I liked Frank. He chatted away happily about Sinatra, canoeing (his other passion), and it was through him that I learned our neighbours in the next house were Rumanian poker players. I never saw them, but my friend Traian confirmed they were there.

Frank was full of the joys of life, although less so the second time he picked me up. His hands were cut up: canoeing accident he told me, and he was in a lot of pain. But it would pass, and his natural bonhomie would return. Of that, I had no doubt.

********
Winston had dreadlocks, played reggae non stop and was almost certainly Jamaican, or very much wanted to be. He was a listener (to the reggae) not a talker, so not a single word passed between us. The reggae soundtrack made that ok: I came out of his car outside the Wynn the most chilled I'd felt all Vegas, despite being late for a meeting with two impatient ladies, one of whom was sending me "Where are you?" messages every 30 seconds or so.

**********
Earl was a mine of information. Through Earl I learned quite a few facts about the elevation and topography of Vegas. It turns out it's a lot higher than you might think, or at least I did, and that the Strip is more or less the low point in the valley.

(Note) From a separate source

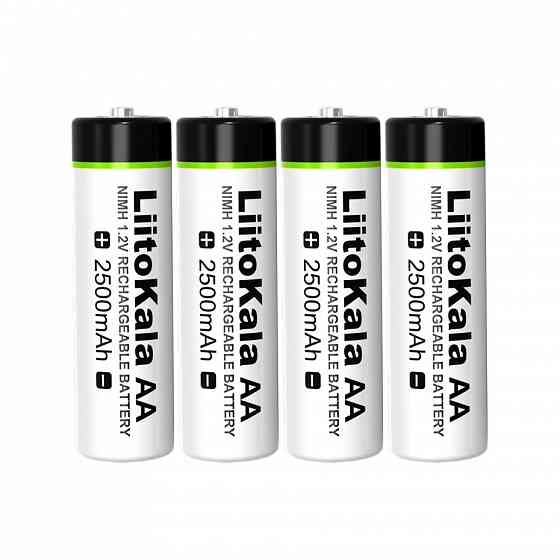 Оригинальны аккумуляторы Liitokala Ni-mh 2500 mAh Донецк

That topic exhausted, he asked me what I did. When I said poker he looked disappointed. Not wishing to be a disappointment I told him I used to be an ultra runner, expecting to have to follow it up with the usual answer as to what the Hell that was. But no. Earl knew exactly what it was. In fact, he was almost as knowledgeable as me.

Turns out Earl's brother used to be the number four ranked marathoner in the US. That's the cruelest ranking, because in running everything comes in threes. Medals for the first three. Three competitors maximum per country in the Olympics. You get the idea. Earl certainly did.

Earl's brother, like me, tried to move up to ultras after his marathon career wound down. Unfortunately, unlike me, he didn't get the distance. Like me, he never made it to the Olympics either, regardless of what Tony Cascarino might have you believe.